* Problem details: Each line from the one containing "Esquadrão Suicida Harley" to the end of the material below is to be restated exactly, with pictures skipped.

* Material provided:
********************
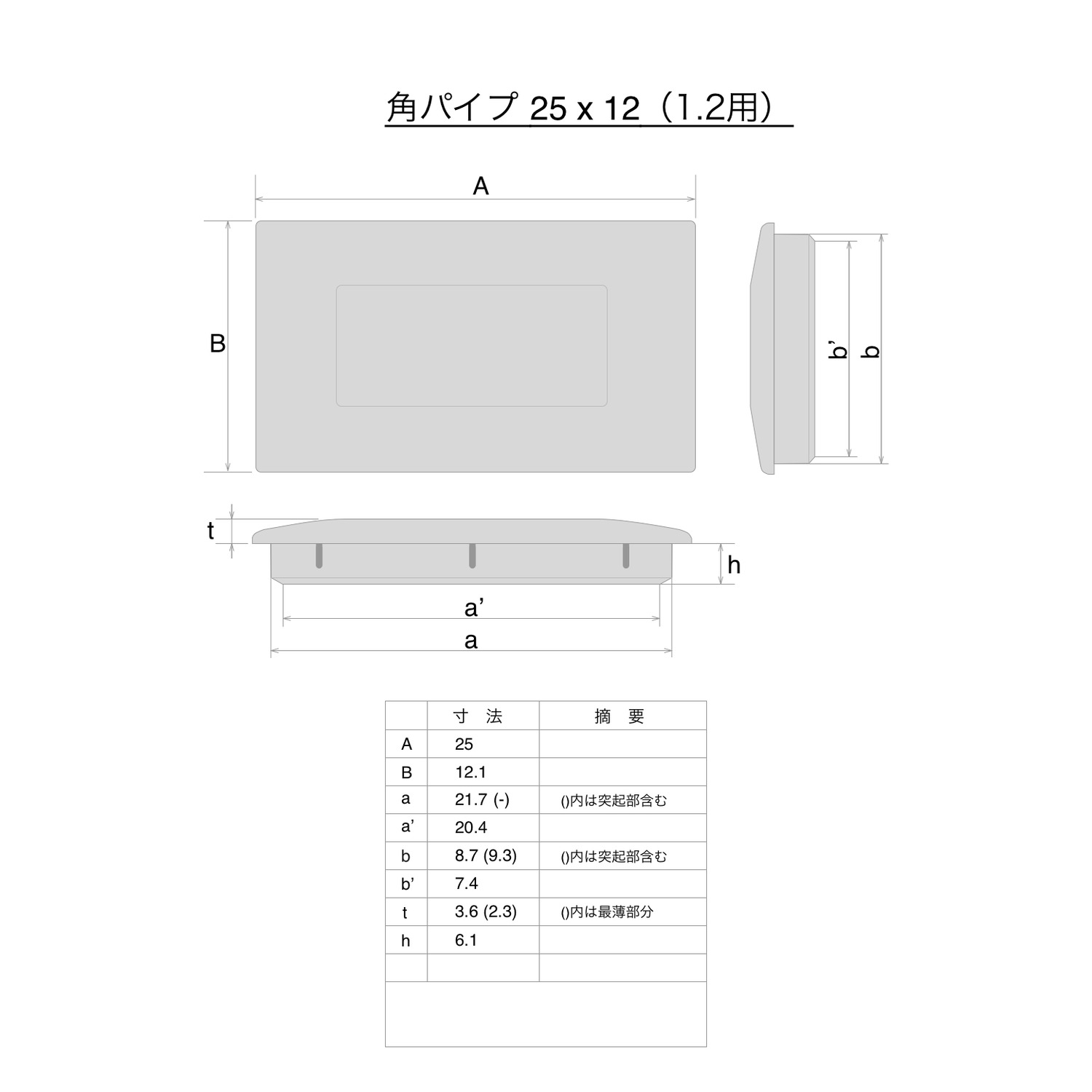 角パイプ用エンドキャップ(ABS樹脂製) 矩形(長方形) 角パイプ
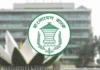 বাংলাদেশ ব্যাংকের নতুন গভর্নর হচ্ছেন মোস্তাকুর রহমান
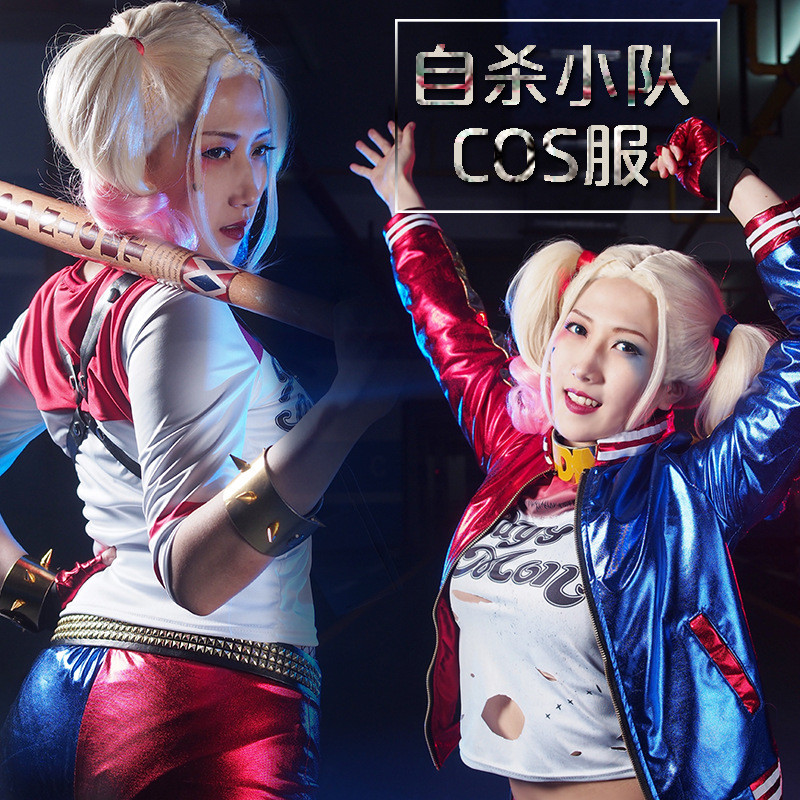 Esquadrão Suicida Harley Quinn COS Uniforme Peruca Morcego Harley Quinn Roupas Conjunto Completo Feminino Crianças Traje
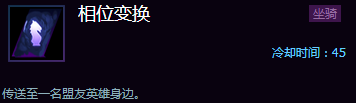 《風暴英雄》新手攻略：各地圖推薦英雄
********************
* Answer section:
 Esquadrão Suicida Harley Quinn COS Uniforme Peruca Morcego Harley Quinn Roupas Conjunto Completo Feminino Crianças Traje
 《風暴英雄》新手攻略：各地圖推薦英雄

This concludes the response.